The "wannabe messiahs" and purpose-driven peeps with the pudding to prove it, say this is how to find more aligned flow in your life and work:
1. Learn to fit-out
Forget what your parents and teachers and the 'popular' kids have instilled in you all your life. Stop trying so hard to fit in, blend on, camouflage against, lay low, with the status quo. The real bizniz happens when you find and feed what it is that makes you fit OUT. What is odd about you? What do people always thank or compliment you for? If you disappeared from the face of the earth tomorrow, what would be missing? It's okay if the answer seems 'small-scale', roll with it, it probably isn't at all. Take or leave or laugh at this this pro tip, but it's fool-proof effective: Get quiet and comfortable and ask yourself who you are. For 10 minutes. Every day. For the rest of your life.
2. Practice courage
Do small things that scare you, daily. Re-strengthen your gutsy muscle and become braver. The neat thing about this is it's just a matter of literally re-membering: you once belonged to the Fearless Kids club: a group of mini-humans who are curious and race around crashing themselves into all of life without an ounce of worry or whim. Remember how many times you failed and fell over? Was it such a big deal after all?
3. Ask not "what do I need?" but "what needs ME" ?
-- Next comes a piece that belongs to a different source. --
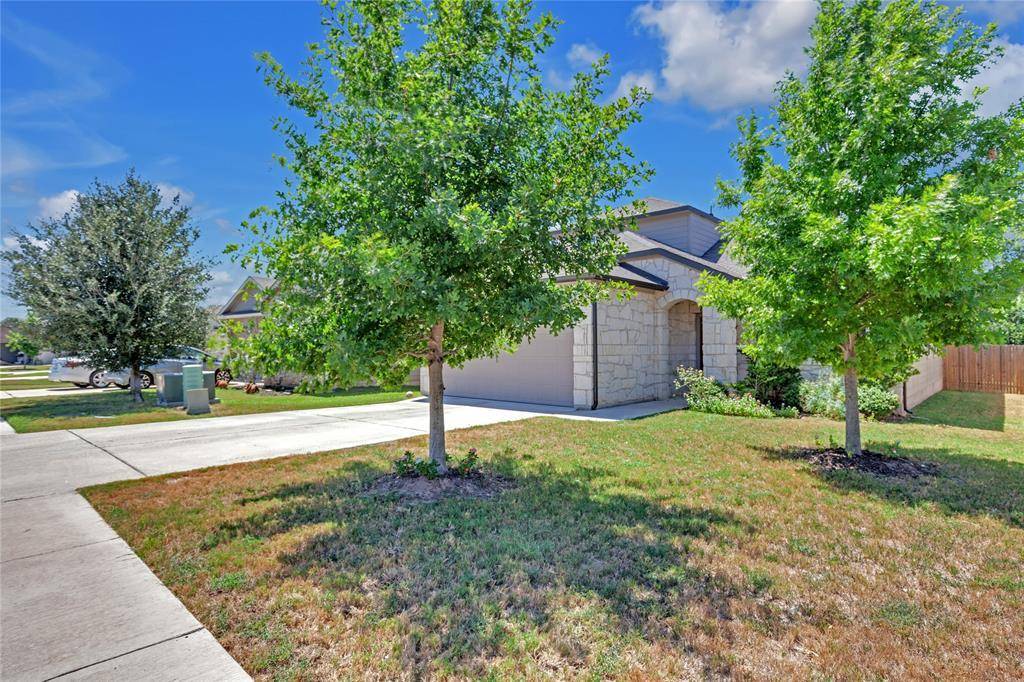 228 Baron Creek TRL, Bastrop, TX 78602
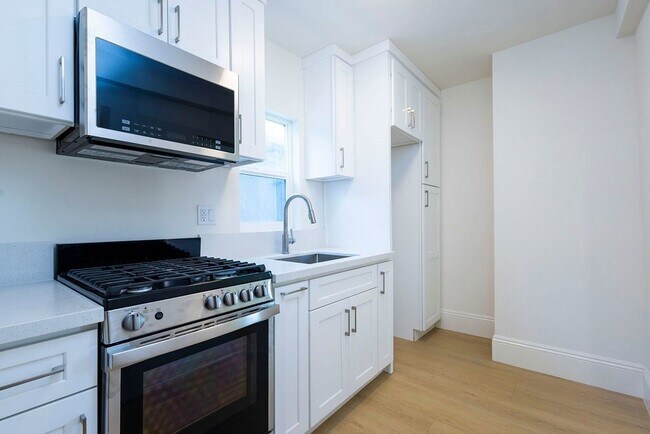 Photo - 914 E Martin Luther King Jr Blvd Unidad 914.5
Service is a bit of a buzz word in the mind-soul-health realm. And again it has to do with your mission, ambition, the thing that drives you on the deepest of deeps. You're not a fony idiot, you need a real reason to get up and give give a sh*t about something every day. The bigger that thing is, the more people it touches, the more passion-driven it is, the more likely you are to be effortlessly motivated to keep going and growing at it. It's okay if you want to keep things 'safe' and make your life one long un-deliberate string of indulged fleeting ego urges, but I think you're smarter than that. Way smarter. And I think you secretly agree. It's a disservice to the world not to share your gifts.
Don't make us wait. The suspense will kill us. And you.
Let's get working on training our courage and vulnerability, with the same reverence that we use for sit-ups and trail runs and vegetable eating.
So long, fare well, auf Wiedersehen goodniiiiiight.